TASK DESCRIPTION: Copy the records below, from the line containing "Murat Kurum: Samsun'da" through the last line; leave out pictures.

▼

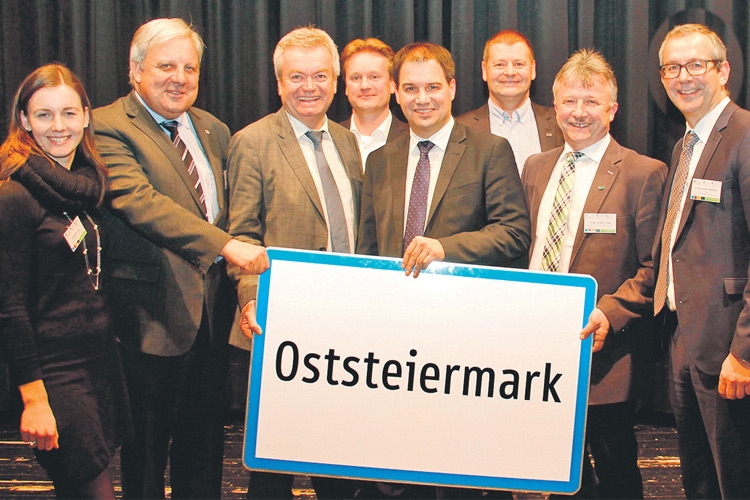 Politiker und Verantwortliche der Regionalentwicklung Oststeiermark diskutierten mit rund 150 Interessierten aktuelle Herausforderungen.
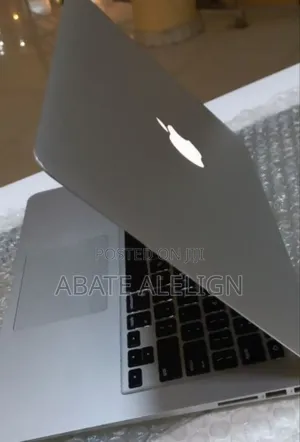 New Laptop Apple MacBook Air 2014 4GB Intel Core I5 SSD 256GB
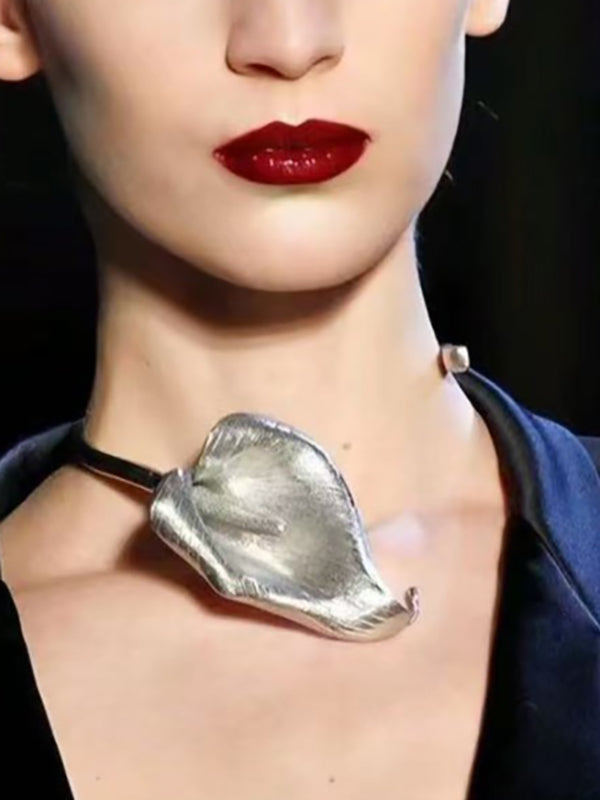 Collier en forme de feuilles, couleur unie
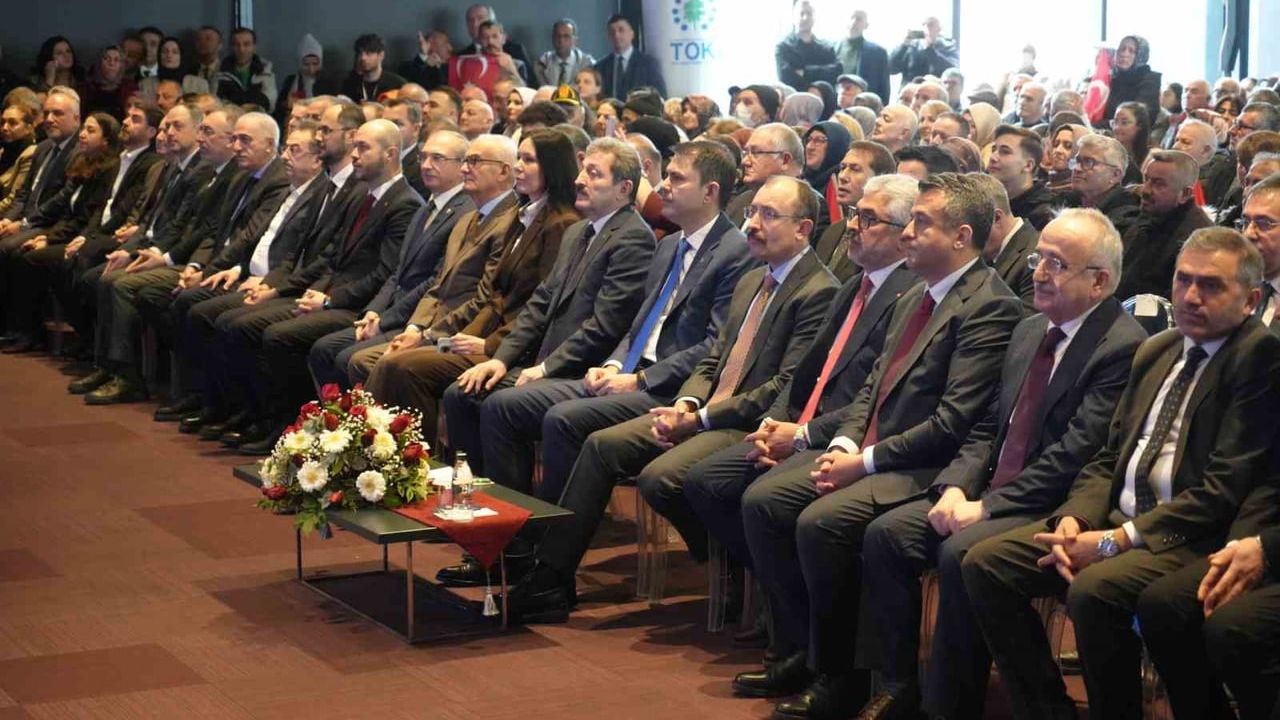 Murat Kurum: Samsun'da 6 bin 397 Konutun Kura Çekimleriyle 'Ev Sahibi Türkiye' Sürüyor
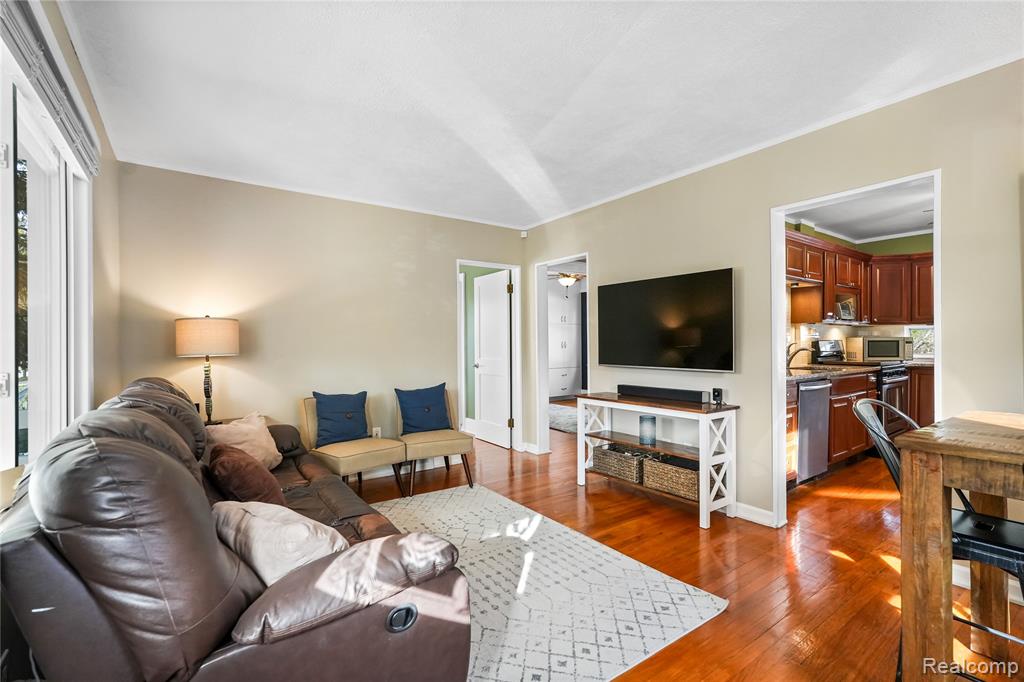445 Linden Avenue, Royal Oak, MI 48073 — Photo 9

▲

TASK ANSWER:
 Murat Kurum: Samsun'da 6 bin 397 Konutun Kura Çekimleriyle 'Ev Sahibi Türkiye' Sürüyor
445 Linden Avenue, Royal Oak, MI 48073 — Photo 9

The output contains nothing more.